If you enjoy checking out all of the tourist sites then I highly recommend staying in the historic areas. The city is incredibly walkable and you can get pretty much anywhere within 20 minutes. You’ll want to pack comfortable shoes since you will be walking on cobblestone up and downhill. If you’re looking for additional planning/packing tips, check out our travel friend’s list.
Things to Do
It’s the largest castle in the world and a focal point in vistas of the city. There are different ticket options you can purchase to tour, which are cheaper than buying an individual ticket at each site. I purchased the Circuit B which included the Gardens, Cathedral, Old Royal Palace, St. George’s Basilica, Golden Lane and Daliborka Tower for around $12 USD and felt like I saw everything! Make sure to give yourself plenty of time. The complex is SPRAWLING and can get jammed with tourists.
The site has been in use since 925 AD but construction on the Gothic style began in 1344 under the direction of Charles IV and wasn’t consecrated until 1929! Talk about a long term project. You can look around the entrance area to the Cathedral for free but if you want to see the main altar and crypts, you’ll have to purchase a ticket. The architecture and stained glass in the front really caught my eye. The artistry is impressive and the stunning hues really pop in the changing daylight.
Climb the 275 steps to the top of this tower, which once served as a gunpowder store, to get 360 degree views of the city across the Vltava river. It was an extra $7 and quite the workout but it does have amazing views!
This is a narrow alleyway lined with tiny, colorful houses with plaques describing the actual people who lived there. It’s interesting to see how the common people lived, mostly archers and artisans in the 1500s and later struggling artists, like Franz Kafka, in the shadow of this massive castle and cathedral. One of the most intriguing stories comes from Number 14, the house of Psychic Matylda Prusova. She was a famous fortune-teller who was later killed by the Gestapo as a result of her predictions of the end of the war and thus the communist regime.

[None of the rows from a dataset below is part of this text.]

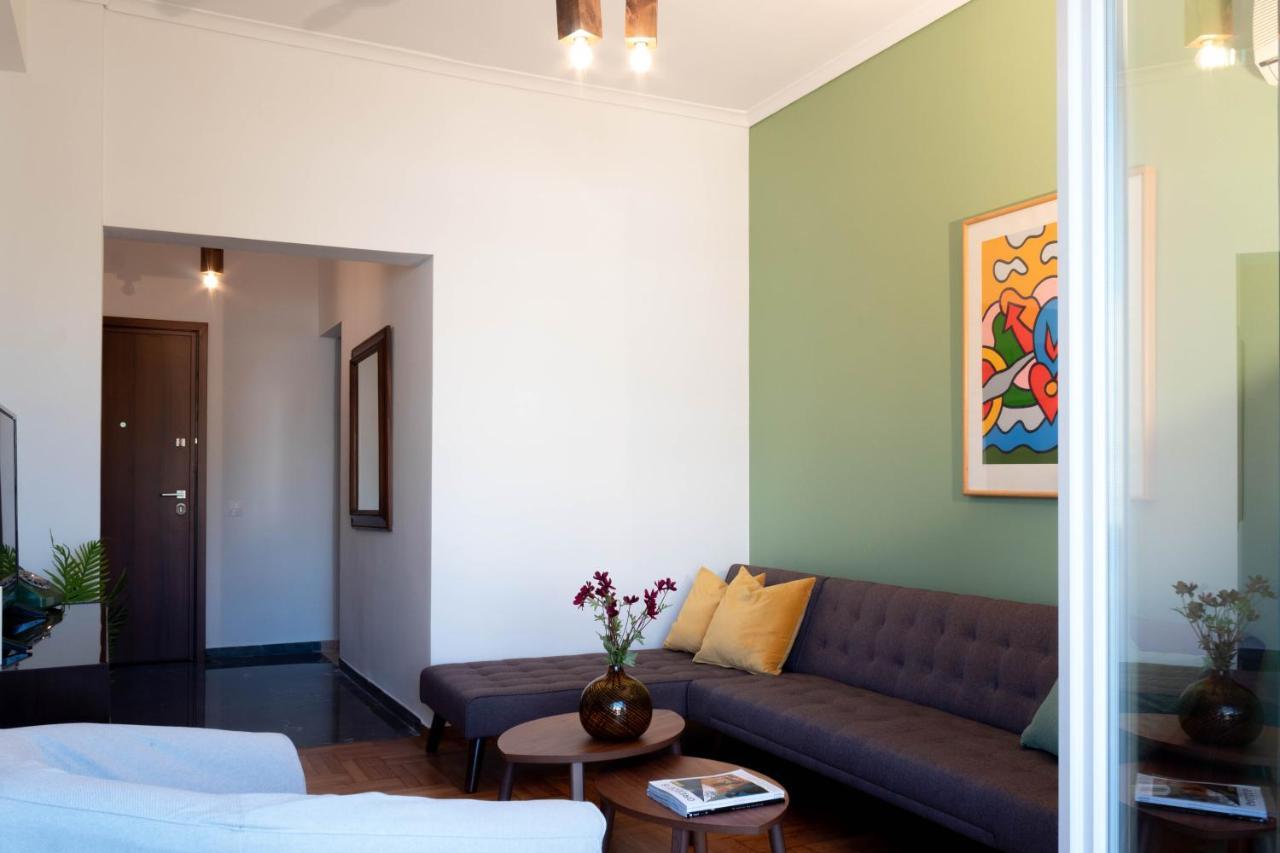 Cosy And Central Home In Atene Esterno foto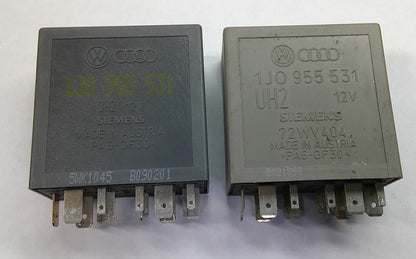 USA SELLER VW AUDI  192 1J0955531 RELAY SET TESTED 1 YEAR WARRNTY FREE SHIP VW1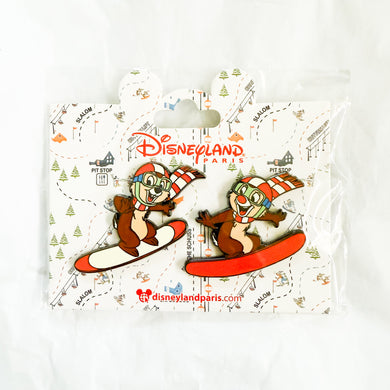 DLP - Chip and Dale Snowboarding Pin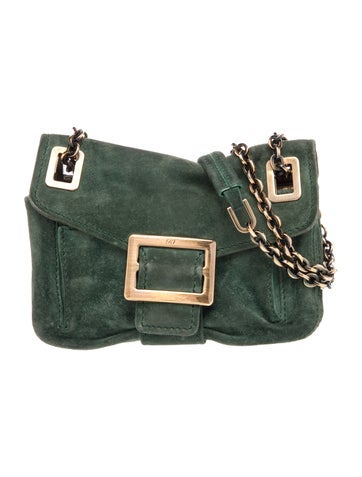 Suede Crossbody Bag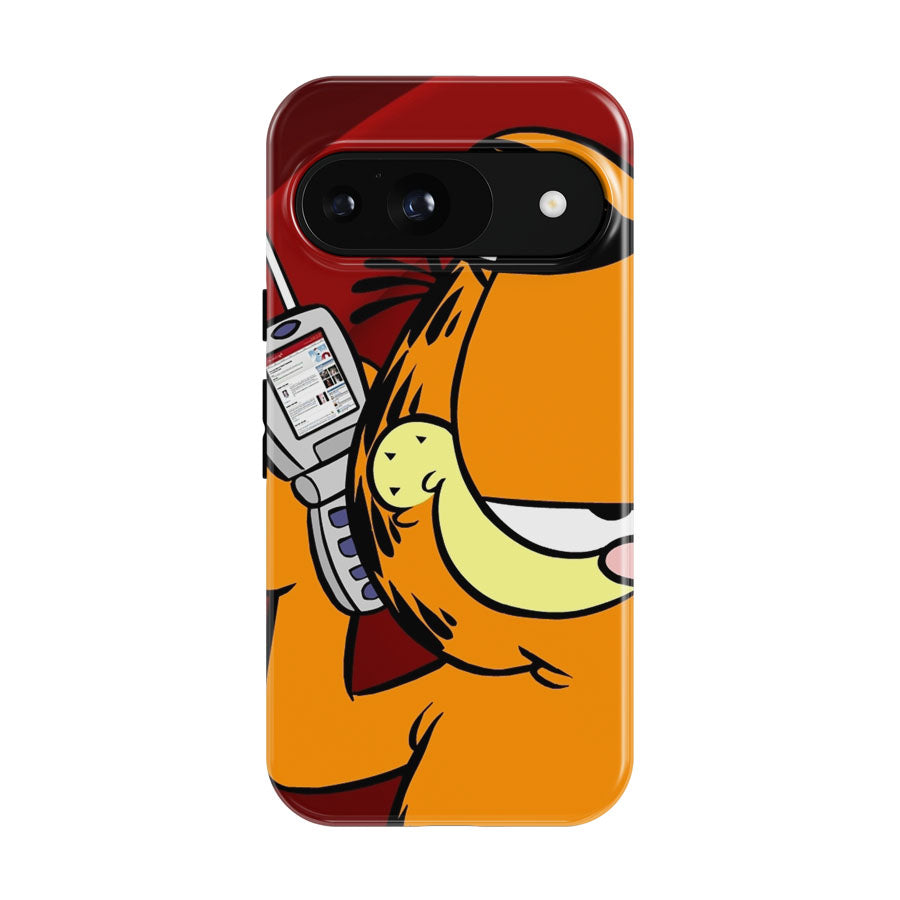 Garfield Calling Google Pixel 9 | 10 Pro Case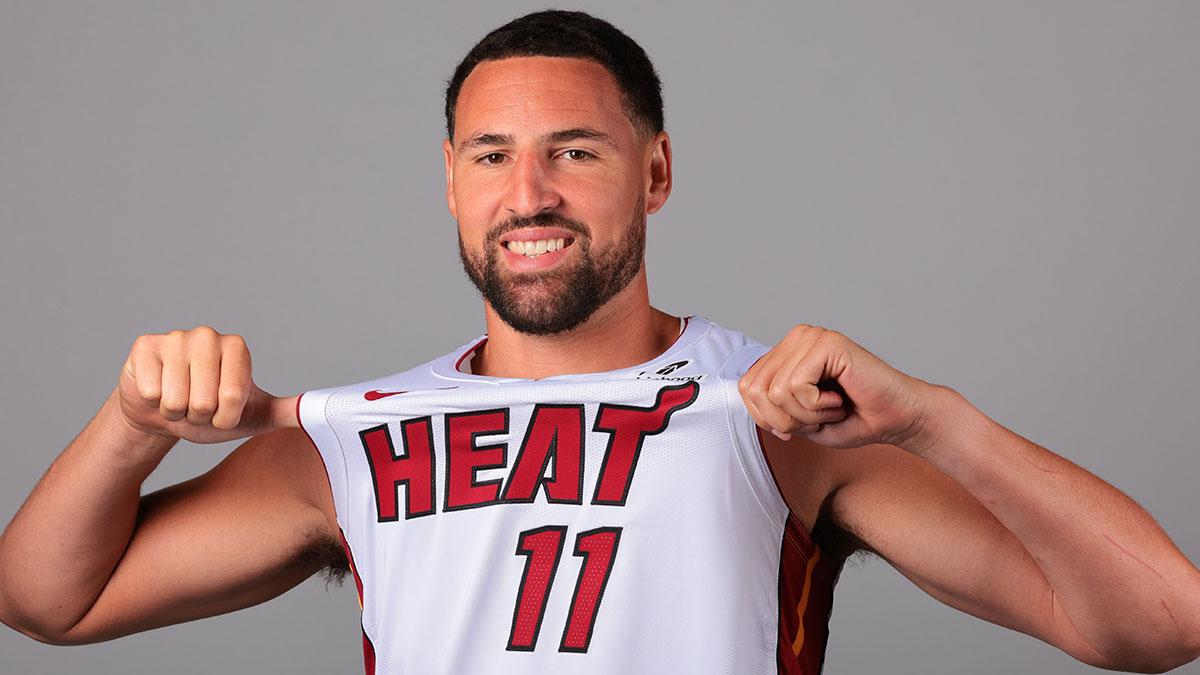 Klay Thompson admits ‘hard’ first day of Heat training camp, but there’s a catch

Dating back to 1135, the palace was used by princesses and kings as a residence. When you walk into the Vladislav Hall, make sure to look up at the intricate ceiling which has been in place for over 500 years. However, a significant part of history occurred here, the Second Defenestration of Prague, where a group of Protestants nobles threw three of the Hapsberg emperor’s Catholic employees out a window. Fortunately, they survived because they fell into a massive pile of manure…. If you’re interested in hearing more about the Defenestrations in Prague, I recommend listening to the “Stuff you Missed in History Class” podcast on the topic.